Stored dataset items:
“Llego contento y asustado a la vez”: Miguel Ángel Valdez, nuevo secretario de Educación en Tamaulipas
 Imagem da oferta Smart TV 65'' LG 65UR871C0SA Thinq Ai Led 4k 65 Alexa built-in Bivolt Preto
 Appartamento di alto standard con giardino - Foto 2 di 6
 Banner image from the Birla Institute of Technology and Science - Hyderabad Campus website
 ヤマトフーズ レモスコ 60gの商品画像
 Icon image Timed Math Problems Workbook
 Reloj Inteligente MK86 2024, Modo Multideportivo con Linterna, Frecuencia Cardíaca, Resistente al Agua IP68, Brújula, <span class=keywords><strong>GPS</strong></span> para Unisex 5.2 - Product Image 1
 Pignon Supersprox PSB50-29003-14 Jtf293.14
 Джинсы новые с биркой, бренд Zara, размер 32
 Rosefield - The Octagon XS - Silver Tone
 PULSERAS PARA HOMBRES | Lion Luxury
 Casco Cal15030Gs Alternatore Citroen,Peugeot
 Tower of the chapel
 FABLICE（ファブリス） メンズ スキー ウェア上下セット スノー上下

# [WORK INSTRUCTIONS]
What are the lines from the one with "Reloj Inteligente MK86" through the end of the records above? Set them down exactly, both ends included, and nothing else.

# [EXERCISE RESPONSE]
 Reloj Inteligente MK86 2024, Modo Multideportivo con Linterna, Frecuencia Cardíaca, Resistente al Agua IP68, Brújula, <span class=keywords><strong>GPS</strong></span> para Unisex 5.2 - Product Image 1
 Pignon Supersprox PSB50-29003-14 Jtf293.14
 Джинсы новые с биркой, бренд Zara, размер 32
 Rosefield - The Octagon XS - Silver Tone
 PULSERAS PARA HOMBRES | Lion Luxury
 Casco Cal15030Gs Alternatore Citroen,Peugeot
 Tower of the chapel
 FABLICE（ファブリス） メンズ スキー ウェア上下セット スノー上下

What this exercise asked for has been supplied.